My balcony server finally died on my the other day. It has been running 24/7 for four years in all kinds of weather. I wasn't very surprised - in fact I've been waiting for it to happen. The motherboard had died. I've replaced the motherboard, and its back up. But for how long before a disk or something else fails?
I have backup of (mostly) everything here and there, but I would like to have everything on a separate NAS box. One of the most exciting NAS boxes on the market right now is something called Bubba|Two.

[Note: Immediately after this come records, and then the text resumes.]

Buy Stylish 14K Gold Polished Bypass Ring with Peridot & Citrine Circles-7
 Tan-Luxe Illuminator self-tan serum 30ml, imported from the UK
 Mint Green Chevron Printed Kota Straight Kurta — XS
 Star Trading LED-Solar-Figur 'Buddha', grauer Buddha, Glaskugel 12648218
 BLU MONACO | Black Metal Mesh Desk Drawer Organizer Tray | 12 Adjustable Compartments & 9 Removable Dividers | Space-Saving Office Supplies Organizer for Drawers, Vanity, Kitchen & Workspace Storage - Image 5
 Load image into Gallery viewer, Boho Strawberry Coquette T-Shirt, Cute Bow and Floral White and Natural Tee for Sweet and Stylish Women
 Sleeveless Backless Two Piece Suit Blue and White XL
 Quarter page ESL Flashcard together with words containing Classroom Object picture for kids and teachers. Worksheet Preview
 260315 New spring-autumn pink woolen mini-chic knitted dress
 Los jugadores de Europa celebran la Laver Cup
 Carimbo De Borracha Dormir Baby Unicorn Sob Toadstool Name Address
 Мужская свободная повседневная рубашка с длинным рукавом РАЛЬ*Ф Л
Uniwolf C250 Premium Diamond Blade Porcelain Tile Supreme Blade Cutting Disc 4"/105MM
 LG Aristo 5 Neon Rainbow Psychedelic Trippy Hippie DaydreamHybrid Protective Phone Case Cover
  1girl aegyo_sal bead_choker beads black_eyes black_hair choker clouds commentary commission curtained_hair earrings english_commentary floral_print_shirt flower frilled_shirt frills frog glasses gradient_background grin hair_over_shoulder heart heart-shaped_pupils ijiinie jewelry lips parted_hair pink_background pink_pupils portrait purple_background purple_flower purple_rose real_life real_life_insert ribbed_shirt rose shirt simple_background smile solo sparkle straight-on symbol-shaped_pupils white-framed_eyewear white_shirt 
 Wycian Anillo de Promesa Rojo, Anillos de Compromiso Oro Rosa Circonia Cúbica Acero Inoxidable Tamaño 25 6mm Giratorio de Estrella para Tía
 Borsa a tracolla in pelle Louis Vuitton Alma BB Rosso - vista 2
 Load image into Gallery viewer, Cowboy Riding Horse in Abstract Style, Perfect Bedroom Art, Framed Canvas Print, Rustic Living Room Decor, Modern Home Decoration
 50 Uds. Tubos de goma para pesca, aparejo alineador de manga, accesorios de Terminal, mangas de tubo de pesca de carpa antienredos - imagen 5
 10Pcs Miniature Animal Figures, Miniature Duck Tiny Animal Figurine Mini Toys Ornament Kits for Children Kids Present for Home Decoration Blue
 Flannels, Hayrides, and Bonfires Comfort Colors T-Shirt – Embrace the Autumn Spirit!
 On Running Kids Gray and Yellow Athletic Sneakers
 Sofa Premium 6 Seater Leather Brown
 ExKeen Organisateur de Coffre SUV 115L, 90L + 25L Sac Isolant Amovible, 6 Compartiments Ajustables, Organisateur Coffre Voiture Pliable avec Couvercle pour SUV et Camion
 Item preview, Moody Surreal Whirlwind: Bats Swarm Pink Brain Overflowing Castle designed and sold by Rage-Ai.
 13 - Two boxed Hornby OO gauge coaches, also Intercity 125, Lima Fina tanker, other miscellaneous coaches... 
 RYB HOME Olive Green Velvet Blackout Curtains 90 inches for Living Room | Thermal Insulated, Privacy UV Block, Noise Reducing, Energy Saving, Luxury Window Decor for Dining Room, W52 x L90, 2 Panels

Bubba Two is produced by the Swedish company Excito. Its basically a small Linux server with a big disk. You can use the slick web-interface, or you can ssh into the NAS and treat it like an ordinary Linux-server. It is a LAMP server with SSH running Debian Etch. Samba, proftpd and Mediatomb (upnp) provide the box with file-server capabilities. It even have Squeezecenter installed if you have a Squeezebox (which I happen to have).
Its a ARM processor clocked at 333MHz with 256MB RAM and a 2TB disk. It uses ridiculous low amount of power (max 12W). There is no fan, so the only noise is from the HDD itself - which is barely audible.
Since the default apt-repositories are no longer working (Etch is too old), I change sources.list to:
deb http://archive.debian.org/debian/ etch main
I can now proceed to install NFS-server, Munin-node and Bind. A couple of minutes later, and its all running smoothly. Too easy.